The nature of despair has always been a rich source of drama for the makers of great TV shows. Widows, orphans and extended families struggling through grief have graced many a television screen over the years. And recently the lens has been pulled back even further to examine how death can affect entire communities in the likes of Broadchurch and The Returned. Even so, I’d wager that there is nothing that has been before that can adequately prepare you for the intense melancholy of The Leftovers, Sky Atlantic’s newest HBO import, which began last night.

Adapted from Tom Perrotta’s best-selling novel, The Leftovers takes place three years after a global tragedy that saw 2% of the world’s population vanish. And yet the show is not really about what happened so much as it is about the people left behind, their human hunger for understanding and the different ways the cope with knowing the most profound answers will never come.

Likewise, any viewers expecting to find out where these people went and why will be left disappointed; the mysterious Sudden Departure – which disintegrated families and tore relationships apart – is not the focus here. Instead the drama hones in on the fictional town of Mapleton, New York, an ordinary American suburb that has been devastated by loss. Three years without answers has twisted the view many of its townspeople had of the world.
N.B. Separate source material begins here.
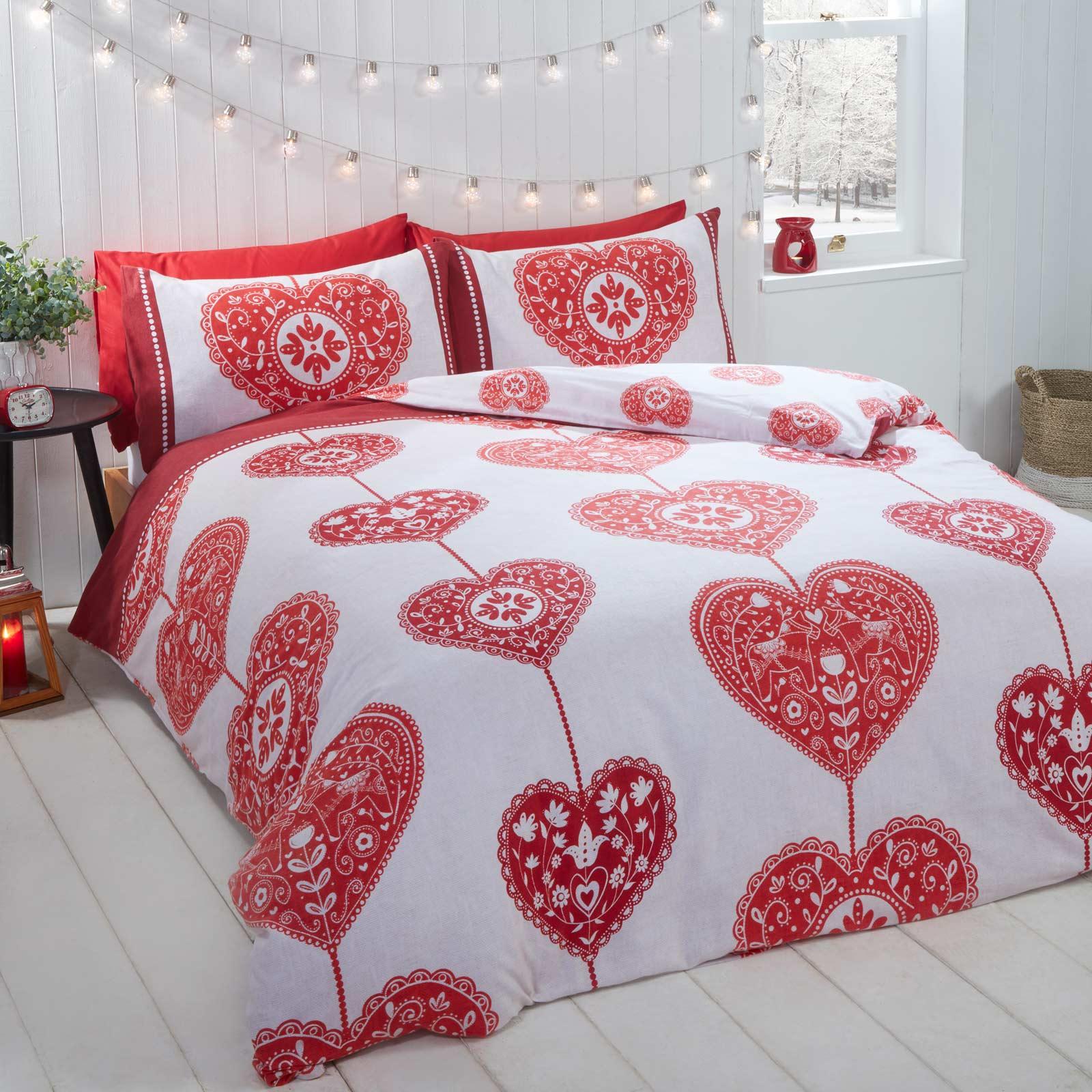 Scandi Heart Flannelette Duvet Cover Set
Some now choose to isolate themselves, returning to the memories of when their families were together; others need to feel angry, rallying against the Departed in order to distract themselves from the pain.

There are people like Justin Theroux’s police chief Kevin Garvey, who suffers from disturbing hallucinations and has to battle to keep what’s left of his family together while clinging on to what remains of his sanity. Then there are people like Liv Tyler’s engaged-suburbanite Meg, a woman whose apparently perfect life is on the brink of a breakdown. In their despair and confusion, the town has become a breeding ground for unsettling cults like the white-clad mutes of the Guilty Remnant, a group of The Shinning-inspired mourners who believe they are a living reminder of the Departure, and the intensely charming preacher (Patterson Joseph, in a role strangely similar to his Peep Show character) who claims he can “unburden” people of their pain. It’s this collection of small human moments that combine to paint a portrait of how sudden loss can destroy a person.

The Leftovers certainly won’t be to everyone’s taste. There will be those who find it unremittingly bleak and depressing, and many more will find the absence of a clear plot increasingly infuriating. Nor will they be won over by its purposefully blunt and hypnotic style that is quite content to sit in the gaze of grief with its characters and give you a chance to get to know them.

So why should anyone stick with it? Quite simply, because it is the most gripping and engaging thing on TV. The pilot episode alone is a lesson in how to stretch tension to breaking point, depicting a town on the verge of conflict before finally letting the tension snap in a brutal sequence in which the Guilty Remnant provoke a violent assault by a gaggle of mourners that will leave you horrified as to the depths mankind can sink.

But more than that, there is a thin veil of hope buried beneath all the tragedy. There are fleeting moments of normalcy sprinkled throughout the episode, such as a teenage girl’s awkward attempt to flirt with a cute boy, a tepid town council meeting and a disruptive family dinner, that suggest redemption is a possibility – people can move on with their lives and escape the despair if they can just learn to stick together.

The Leftovers may be too miserable to cheer you up at the end of a hard day, but as an examination of the human condition there really is nothing better.